Préhistoire: les animaux géants fertilisaient l'Amazone grâce à...
Haplochromis/WikimediaCommons/CC

Durant des milliers d'années, des animaux géants ont fertilisé le bassin de l'Amazone en propageant azote, phosphore et autres nutriments dans leurs excréments, avant de disparaître brutalement, privant définitivement la région de cet apport massif d'engrais, révèle une étude publiée dimanche 11 août dans la revue Nature Geoscience.

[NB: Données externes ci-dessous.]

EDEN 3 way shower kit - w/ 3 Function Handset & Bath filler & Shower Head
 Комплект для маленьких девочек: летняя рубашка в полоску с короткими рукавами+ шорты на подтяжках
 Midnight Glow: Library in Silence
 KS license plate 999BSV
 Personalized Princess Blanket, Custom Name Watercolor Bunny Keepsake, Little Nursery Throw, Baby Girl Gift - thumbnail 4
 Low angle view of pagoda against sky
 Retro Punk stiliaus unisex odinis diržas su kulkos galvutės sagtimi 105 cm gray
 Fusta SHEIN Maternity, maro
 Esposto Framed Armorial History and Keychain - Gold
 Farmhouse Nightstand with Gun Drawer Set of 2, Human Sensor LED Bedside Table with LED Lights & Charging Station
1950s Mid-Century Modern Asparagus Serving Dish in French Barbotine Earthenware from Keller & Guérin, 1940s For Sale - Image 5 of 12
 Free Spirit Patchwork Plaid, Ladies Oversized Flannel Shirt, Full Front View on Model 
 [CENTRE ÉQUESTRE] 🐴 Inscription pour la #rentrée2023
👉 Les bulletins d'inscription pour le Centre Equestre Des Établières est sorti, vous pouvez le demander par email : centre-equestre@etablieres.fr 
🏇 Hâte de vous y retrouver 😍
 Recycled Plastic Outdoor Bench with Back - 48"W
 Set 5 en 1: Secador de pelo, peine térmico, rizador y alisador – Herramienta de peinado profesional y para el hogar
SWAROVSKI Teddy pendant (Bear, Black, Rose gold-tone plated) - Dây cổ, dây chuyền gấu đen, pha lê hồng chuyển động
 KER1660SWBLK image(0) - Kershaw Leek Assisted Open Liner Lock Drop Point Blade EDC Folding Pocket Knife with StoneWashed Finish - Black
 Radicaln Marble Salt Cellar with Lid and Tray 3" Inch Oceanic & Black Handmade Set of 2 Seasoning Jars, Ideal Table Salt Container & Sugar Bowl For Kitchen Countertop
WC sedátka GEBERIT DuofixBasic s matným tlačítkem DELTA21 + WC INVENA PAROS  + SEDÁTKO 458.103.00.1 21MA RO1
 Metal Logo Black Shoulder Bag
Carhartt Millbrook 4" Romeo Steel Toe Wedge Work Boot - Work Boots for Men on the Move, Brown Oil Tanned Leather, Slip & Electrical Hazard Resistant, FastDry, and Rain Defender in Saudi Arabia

A l'époque du Pléistocène, l'Amérique du Sud ressemblait beaucoup à la savane africaine actuelle. Et les dinosaures, depuis longtemps disparus, avaient cédé la place à une "mégafaune" impressionnante: des mastodontes proches des éléphants, des paresseux géants de cinq tonnes ou des glyptodons, sortes de tatous de la taille d'une petite voiture.

Redistribution des engrais

Majoritairement herbivores, ces mammifères géants consommaient des quantités importantes de végétaux, absorbant azote et phosphore pour les relâcher dans leurs crottes et leur urine au gré de leurs pérégrinations. Selon cette étude, ils ont ainsi contribué à redistribuer, sur de très grandes distances au fil du temps, ces engrais naturels vers des sols qui seraient autrement restés stériles, en particulier dans le bassin amazonien.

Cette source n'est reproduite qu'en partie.